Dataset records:
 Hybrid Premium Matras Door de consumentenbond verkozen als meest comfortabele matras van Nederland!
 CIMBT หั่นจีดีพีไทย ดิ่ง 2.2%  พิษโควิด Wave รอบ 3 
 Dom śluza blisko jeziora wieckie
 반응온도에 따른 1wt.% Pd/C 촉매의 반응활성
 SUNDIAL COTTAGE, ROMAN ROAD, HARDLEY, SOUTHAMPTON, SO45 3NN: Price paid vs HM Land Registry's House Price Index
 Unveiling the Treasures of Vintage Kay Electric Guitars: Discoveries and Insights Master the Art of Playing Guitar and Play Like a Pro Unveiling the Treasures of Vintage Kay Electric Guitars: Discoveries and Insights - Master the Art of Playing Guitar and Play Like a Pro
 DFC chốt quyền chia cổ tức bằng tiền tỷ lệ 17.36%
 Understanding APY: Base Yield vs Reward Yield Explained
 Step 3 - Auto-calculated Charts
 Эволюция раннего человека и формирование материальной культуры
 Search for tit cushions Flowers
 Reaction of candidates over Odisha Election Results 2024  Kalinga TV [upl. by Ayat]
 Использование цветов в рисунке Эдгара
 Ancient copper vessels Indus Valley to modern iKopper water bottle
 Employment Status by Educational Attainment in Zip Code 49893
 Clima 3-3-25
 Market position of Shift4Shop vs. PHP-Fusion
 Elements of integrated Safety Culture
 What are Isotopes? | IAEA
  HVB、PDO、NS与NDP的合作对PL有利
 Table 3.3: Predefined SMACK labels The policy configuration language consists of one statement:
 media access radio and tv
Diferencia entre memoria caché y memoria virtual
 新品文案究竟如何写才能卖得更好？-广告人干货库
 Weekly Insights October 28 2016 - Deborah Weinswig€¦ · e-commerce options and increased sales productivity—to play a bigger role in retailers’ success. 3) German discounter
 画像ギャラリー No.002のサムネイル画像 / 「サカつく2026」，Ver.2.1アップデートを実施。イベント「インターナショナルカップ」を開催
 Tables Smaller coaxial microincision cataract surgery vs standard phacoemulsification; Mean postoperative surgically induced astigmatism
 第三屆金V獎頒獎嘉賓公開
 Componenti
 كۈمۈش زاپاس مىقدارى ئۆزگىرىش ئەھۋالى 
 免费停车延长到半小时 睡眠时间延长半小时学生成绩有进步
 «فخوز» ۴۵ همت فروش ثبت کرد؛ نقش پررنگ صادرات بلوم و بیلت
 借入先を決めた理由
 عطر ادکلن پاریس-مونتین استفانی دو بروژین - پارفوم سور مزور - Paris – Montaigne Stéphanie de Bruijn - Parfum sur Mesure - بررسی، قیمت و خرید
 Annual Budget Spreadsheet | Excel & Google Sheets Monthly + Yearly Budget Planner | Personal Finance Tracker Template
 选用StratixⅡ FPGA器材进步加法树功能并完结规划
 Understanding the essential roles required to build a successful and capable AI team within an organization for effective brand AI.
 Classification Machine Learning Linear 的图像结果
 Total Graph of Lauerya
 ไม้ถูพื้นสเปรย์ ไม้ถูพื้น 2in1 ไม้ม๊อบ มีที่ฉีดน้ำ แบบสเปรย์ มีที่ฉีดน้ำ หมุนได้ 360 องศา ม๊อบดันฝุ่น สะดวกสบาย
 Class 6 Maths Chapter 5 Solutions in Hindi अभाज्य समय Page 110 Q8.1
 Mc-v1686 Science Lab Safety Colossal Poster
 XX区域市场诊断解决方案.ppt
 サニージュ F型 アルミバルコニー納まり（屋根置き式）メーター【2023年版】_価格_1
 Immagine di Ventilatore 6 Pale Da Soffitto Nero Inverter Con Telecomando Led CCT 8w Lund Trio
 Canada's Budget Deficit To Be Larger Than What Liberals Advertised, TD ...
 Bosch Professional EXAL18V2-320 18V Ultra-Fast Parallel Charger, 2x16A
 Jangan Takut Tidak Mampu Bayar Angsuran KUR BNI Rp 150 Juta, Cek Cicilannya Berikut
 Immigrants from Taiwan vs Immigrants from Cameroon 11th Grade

__WHAT TO DO__. Could you copy out every record above exactly as it appears?

__TASK RESULT__.
 Hybrid Premium Matras Door de consumentenbond verkozen als meest comfortabele matras van Nederland!
 CIMBT หั่นจีดีพีไทย ดิ่ง 2.2%  พิษโควิด Wave รอบ 3 
 Dom śluza blisko jeziora wieckie
 반응온도에 따른 1wt.% Pd/C 촉매의 반응활성
 SUNDIAL COTTAGE, ROMAN ROAD, HARDLEY, SOUTHAMPTON, SO45 3NN: Price paid vs HM Land Registry's House Price Index
 Unveiling the Treasures of Vintage Kay Electric Guitars: Discoveries and Insights Master the Art of Playing Guitar and Play Like a Pro Unveiling the Treasures of Vintage Kay Electric Guitars: Discoveries and Insights - Master the Art of Playing Guitar and Play Like a Pro
 DFC chốt quyền chia cổ tức bằng tiền tỷ lệ 17.36%
 Understanding APY: Base Yield vs Reward Yield Explained
 Step 3 - Auto-calculated Charts
 Эволюция раннего человека и формирование материальной культуры
 Search for tit cushions Flowers
 Reaction of candidates over Odisha Election Results 2024  Kalinga TV [upl. by Ayat]
 Использование цветов в рисунке Эдгара
 Ancient copper vessels Indus Valley to modern iKopper water bottle
 Employment Status by Educational Attainment in Zip Code 49893
 Clima 3-3-25
 Market position of Shift4Shop vs. PHP-Fusion
 Elements of integrated Safety Culture
 What are Isotopes? | IAEA
  HVB、PDO、NS与NDP的合作对PL有利
 Table 3.3: Predefined SMACK labels The policy configuration language consists of one statement:
 media access radio and tv
Diferencia entre memoria caché y memoria virtual
 新品文案究竟如何写才能卖得更好？-广告人干货库
 Weekly Insights October 28 2016 - Deborah Weinswig€¦ · e-commerce options and increased sales productivity—to play a bigger role in retailers’ success. 3) German discounter
 画像ギャラリー No.002のサムネイル画像 / 「サカつく2026」，Ver.2.1アップデートを実施。イベント「インターナショナルカップ」を開催
 Tables Smaller coaxial microincision cataract surgery vs standard phacoemulsification; Mean postoperative surgically induced astigmatism
 第三屆金V獎頒獎嘉賓公開
 Componenti
 كۈمۈش زاپاس مىقدارى ئۆزگىرىش ئەھۋالى 
 免费停车延长到半小时 睡眠时间延长半小时学生成绩有进步
 «فخوز» ۴۵ همت فروش ثبت کرد؛ نقش پررنگ صادرات بلوم و بیلت
 借入先を決めた理由
 عطر ادکلن پاریس-مونتین استفانی دو بروژین - پارفوم سور مزور - Paris – Montaigne Stéphanie de Bruijn - Parfum sur Mesure - بررسی، قیمت و خرید
 Annual Budget Spreadsheet | Excel & Google Sheets Monthly + Yearly Budget Planner | Personal Finance Tracker Template
 选用StratixⅡ FPGA器材进步加法树功能并完结规划
 Understanding the essential roles required to build a successful and capable AI team within an organization for effective brand AI.
 Classification Machine Learning Linear 的图像结果
 Total Graph of Lauerya
 ไม้ถูพื้นสเปรย์ ไม้ถูพื้น 2in1 ไม้ม๊อบ มีที่ฉีดน้ำ แบบสเปรย์ มีที่ฉีดน้ำ หมุนได้ 360 องศา ม๊อบดันฝุ่น สะดวกสบาย
 Class 6 Maths Chapter 5 Solutions in Hindi अभाज्य समय Page 110 Q8.1
 Mc-v1686 Science Lab Safety Colossal Poster
 XX区域市场诊断解决方案.ppt
 サニージュ F型 アルミバルコニー納まり（屋根置き式）メーター【2023年版】_価格_1
 Immagine di Ventilatore 6 Pale Da Soffitto Nero Inverter Con Telecomando Led CCT 8w Lund Trio
 Canada's Budget Deficit To Be Larger Than What Liberals Advertised, TD ...
 Bosch Professional EXAL18V2-320 18V Ultra-Fast Parallel Charger, 2x16A
 Jangan Takut Tidak Mampu Bayar Angsuran KUR BNI Rp 150 Juta, Cek Cicilannya Berikut
 Immigrants from Taiwan vs Immigrants from Cameroon 11th Grade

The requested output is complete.